Transformation of China

The Song period marks a distinctive phase in two major trends that had gradually transformed China during the preceding millennium since the Han dynasty. The first trend was a strenuous effort to gain direct access to the cultural and material riches of the ancient Persian and Indian civilizations by state-sponsored expansion from the Huang (Yellow) River valley westward into Central Asia. The second was the conquest, colonization, and integration of the Yangzi (Chang) River valley and points south by successive regimes based in the Huang valley, leading also to fruitful contacts with Indian civilization through Southeast Asia.

A turning point in the unfolding of these two trends occurred in the mid-Tang period, in the decade of the 750s, and may be suggestively summarized by three events. First, in 751 an Arab army, aided by Turkish forces formerly allied with the Tang dynasty, defeated a multinational Tang army at Talas River in modern Kyrgyzstan, in the context of keen strategic competition for control of the profitable trans-Eurasian trade route. Second, in 752, in the wake of that defeat, a Tang general of Iranian cultural origin instigated a massive civil war in north China that destroyed the Tang state’s central power. The dynasty survived in name for another 150 years while the weakening of its control over land tenure and markets greatly stimulated economic growth in the semiautonomous southern provinces. Third, in 758 Baghdad was founded in Mesopotamia as the capital of the new Abbasid dynasty. At that time non-Chinese infidel powers in Central Asia restricted direct overland access to north China. Thus trade between Islamic centers and the Far East increasingly flowed by the southern maritime route from Baghdad through Basra and the Persian Gulf on to distant ports in India, Southeast Asia, and the southern coast of China.

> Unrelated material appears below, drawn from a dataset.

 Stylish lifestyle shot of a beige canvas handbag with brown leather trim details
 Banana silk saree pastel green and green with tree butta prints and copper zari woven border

In the late ninth century, when the Chinese rebel Huang Chao 黄巢 sacked Guangzhou 广州 (Canton), many thousands of resident Islamic traders were massacred. The violence of that event is but one dimension of a multifaceted yet pervasive nativist reaction against the early Tang period’s cosmopolitan openness through which China had gained and given much in cultural exchange and commercial intercourse with other ancient civilizations. Buddhism, which had thoroughly pervaded Chinese culture during the previous five hundred years, came under attack for being of foreign origin and thus allegedly at odds with characteristic Chinese commitments to family and the sociopolitical hierarchy. The revival of Confucian ideas in Song times was associated with heightened sensitivity to distinctions between Chinese and foreign.

In the early tenth century, five brief regimes successively ruled ancient China’s political heartland in the Huang River valley, most of them based at Kaifeng 开封. Contesting for the imperial legacy after the Tang’s fall, the increasingly intense wars of this transitional era exhausted the hereditary clans, whose military power had dominated medieval society for nearly a millennium, opening the way to a new governing elite of civil administrators and to unprecedented elevation of the emperor above his chief counselors.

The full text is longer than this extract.